Con Gesù, tutto è nuovo. Nessuno aveva pensato ad un Messia crocifisso, e “il fatto era lì – scrive Ratzinger – e in base a tale  fatto occorreva leggere la scrittura in modo nuovo”. È il processo della fede che si è sviluppato in tutti i tempi. La teologia – e Ratzinger ne è consapevole – non è altro che il tentativo, sempre perfettibile, di raccontare il mistero di Gesù. Per questo, il Papa ha slegato il Gesù di Nazaret dal Magistero, e lo ha voluto firmare con il nome di Joseph Ratzinger.

È l’annuncio di questa novità del Vangelo che è uno dei temi fondanti del Magistero di Benedetto XVI. Perché la Scrittura si è dischiusa in modo nuovo partendo dall’inatteso. “La nuova lettura della Scrittura, ovviamente – scrive Ratzinger – poteva cominciare soltanto dopo la risurrezione, perché soltanto in virtù di essa Gesù era stato accreditato come inviato di Dio. Ora si dovevano individuare ambedue gli eventi – croce e risurrezione – nella Scrittura, comprenderli in modo nuovo e così giungere alla fede in Gesù come Figlio di Dio. Questo, peraltro, presuppone che per i discepoli la risurrezione fosse reale come la croce. Presuppone che essi fossero semplicemente sopraffatti dalla realtà; che dopo tutta la titubanza e la meraviglia iniziali non potessero più opporsi alla realtà: è veramente Lui; Egli vive e ci ha parlato, ci ha concesso di toccarlo, anche se non appartiene più al mondo di ciò che normalmente è toccabile”.

Si può rileggere non solo il Magistero papale di Benedetto XVI, ma la straordinaria avventura del teologo Joseph Ratzinger, come una ricerca della chiave per comprendere il mistero della Resurrezione e per calarla nei tempi, nelle persone, nella Chiesa di oggi. Sin dai tempi della sua tesi di dottorato su San Bonaventura (diventata un libro: San Bonaventura. La teologia della storia).

Era il tempo di Gioacchino da Fiore, del movimento dei francescani conventuali, all’interpretazione della storia come trinitaria che andava oltre la rivelazione dell’Antico Testamento e all’interpretazione della figura di Francesco, umile e intimamente unito alla Chiesa, come iniziatore dei temi nuovi, con il rischio che il messaggio di Francesco fosse frainteso. E Bonaventura risponde a questo moviment. Sa che la figura di Francesco, così diversa dal monachesimo precedente, necessitasse di una interpretazione nuova;  si rende conto che c’è a necessità pratica di avere un fondamento teologico perché le nuove  strutture fossero inserite nella realtà della Chiesa gerarchica, e della Chiesa reale; sa che non si deve perdere la novità della figura di Francesco, seppur con realismo.

E Bonaventura concilia le posizioni, ricorda che Gesù Cristo è l’ultima parola di Dio – in lui Cristo ha detto tutto, donando e dicendo se stesso – ma come allo stesso tempo la Chiesa non sia immobile, ha continue novità.
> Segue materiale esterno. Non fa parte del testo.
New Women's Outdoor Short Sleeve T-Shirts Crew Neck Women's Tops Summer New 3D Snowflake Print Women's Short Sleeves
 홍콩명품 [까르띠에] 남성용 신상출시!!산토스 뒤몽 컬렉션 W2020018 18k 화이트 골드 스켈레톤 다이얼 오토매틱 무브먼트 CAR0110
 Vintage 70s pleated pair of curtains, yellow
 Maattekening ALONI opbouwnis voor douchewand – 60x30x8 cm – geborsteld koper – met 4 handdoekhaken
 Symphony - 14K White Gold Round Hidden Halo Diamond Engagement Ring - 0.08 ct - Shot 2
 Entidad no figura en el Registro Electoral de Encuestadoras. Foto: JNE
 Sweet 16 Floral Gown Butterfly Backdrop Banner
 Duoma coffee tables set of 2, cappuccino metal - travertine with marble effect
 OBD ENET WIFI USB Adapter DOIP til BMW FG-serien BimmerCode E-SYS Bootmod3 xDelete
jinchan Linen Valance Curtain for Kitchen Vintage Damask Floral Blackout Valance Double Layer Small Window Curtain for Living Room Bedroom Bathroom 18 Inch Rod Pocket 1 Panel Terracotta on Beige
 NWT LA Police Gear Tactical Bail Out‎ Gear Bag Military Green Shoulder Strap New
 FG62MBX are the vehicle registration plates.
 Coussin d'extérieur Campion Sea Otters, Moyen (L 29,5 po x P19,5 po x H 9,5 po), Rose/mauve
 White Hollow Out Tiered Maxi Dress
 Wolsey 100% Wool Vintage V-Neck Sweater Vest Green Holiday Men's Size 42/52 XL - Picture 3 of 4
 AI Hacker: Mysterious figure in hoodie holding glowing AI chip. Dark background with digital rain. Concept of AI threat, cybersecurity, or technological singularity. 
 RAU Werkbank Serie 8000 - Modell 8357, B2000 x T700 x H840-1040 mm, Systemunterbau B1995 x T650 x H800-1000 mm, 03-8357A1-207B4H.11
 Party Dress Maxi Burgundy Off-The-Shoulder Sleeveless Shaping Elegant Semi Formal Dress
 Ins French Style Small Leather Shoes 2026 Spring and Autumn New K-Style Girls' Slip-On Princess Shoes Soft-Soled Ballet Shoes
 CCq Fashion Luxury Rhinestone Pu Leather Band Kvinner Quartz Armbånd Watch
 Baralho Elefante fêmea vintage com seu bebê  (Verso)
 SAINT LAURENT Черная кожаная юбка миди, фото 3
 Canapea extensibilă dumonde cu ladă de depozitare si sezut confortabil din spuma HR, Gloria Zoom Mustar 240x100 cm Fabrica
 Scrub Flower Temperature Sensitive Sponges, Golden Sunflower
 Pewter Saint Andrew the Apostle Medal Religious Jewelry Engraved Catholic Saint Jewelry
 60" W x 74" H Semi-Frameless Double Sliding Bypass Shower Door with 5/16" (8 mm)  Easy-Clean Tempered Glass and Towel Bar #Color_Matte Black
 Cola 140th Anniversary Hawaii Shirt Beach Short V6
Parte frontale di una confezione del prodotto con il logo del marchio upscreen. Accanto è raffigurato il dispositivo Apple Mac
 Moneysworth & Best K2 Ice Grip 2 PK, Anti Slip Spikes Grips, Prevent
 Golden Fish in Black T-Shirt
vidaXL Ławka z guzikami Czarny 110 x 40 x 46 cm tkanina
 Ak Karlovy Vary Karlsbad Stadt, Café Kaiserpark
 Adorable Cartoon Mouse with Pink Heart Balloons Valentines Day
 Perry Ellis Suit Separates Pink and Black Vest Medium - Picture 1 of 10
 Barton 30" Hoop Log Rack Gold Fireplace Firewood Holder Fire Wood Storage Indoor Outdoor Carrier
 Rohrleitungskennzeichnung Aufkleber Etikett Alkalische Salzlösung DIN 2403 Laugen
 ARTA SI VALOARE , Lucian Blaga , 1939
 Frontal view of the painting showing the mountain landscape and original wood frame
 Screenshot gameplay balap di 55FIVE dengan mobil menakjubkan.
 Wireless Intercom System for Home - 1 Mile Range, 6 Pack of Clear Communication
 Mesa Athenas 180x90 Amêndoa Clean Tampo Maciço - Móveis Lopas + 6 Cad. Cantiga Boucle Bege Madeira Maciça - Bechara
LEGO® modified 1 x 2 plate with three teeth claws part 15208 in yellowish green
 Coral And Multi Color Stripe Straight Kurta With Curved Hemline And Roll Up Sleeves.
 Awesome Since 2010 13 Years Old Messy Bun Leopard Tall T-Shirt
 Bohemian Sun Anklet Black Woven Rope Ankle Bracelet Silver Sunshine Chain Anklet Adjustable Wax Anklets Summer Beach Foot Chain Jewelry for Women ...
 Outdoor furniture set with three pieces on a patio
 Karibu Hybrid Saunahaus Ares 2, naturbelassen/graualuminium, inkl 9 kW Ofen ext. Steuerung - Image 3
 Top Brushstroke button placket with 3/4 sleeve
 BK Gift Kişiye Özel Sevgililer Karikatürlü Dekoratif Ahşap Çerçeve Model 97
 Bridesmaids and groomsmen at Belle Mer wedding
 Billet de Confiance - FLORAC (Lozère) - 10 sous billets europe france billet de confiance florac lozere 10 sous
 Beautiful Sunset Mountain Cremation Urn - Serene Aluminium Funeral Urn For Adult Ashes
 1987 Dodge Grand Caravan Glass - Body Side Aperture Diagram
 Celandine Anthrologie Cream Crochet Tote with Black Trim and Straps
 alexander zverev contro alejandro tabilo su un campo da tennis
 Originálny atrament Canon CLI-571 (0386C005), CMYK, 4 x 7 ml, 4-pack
Perché Cristo non è la fine della storia, ma il centro della storia.

Comincia da questa consapevolezza, da questo metodo che concilia il nuovo con Cristo, il rinnovamento con l’aderenza alla Chiesa, i padri della Chiesa con la modernità, comincia da qui lo sviluppo del pensiero di Joseph Ratzinger, Papa Benedetto XVI.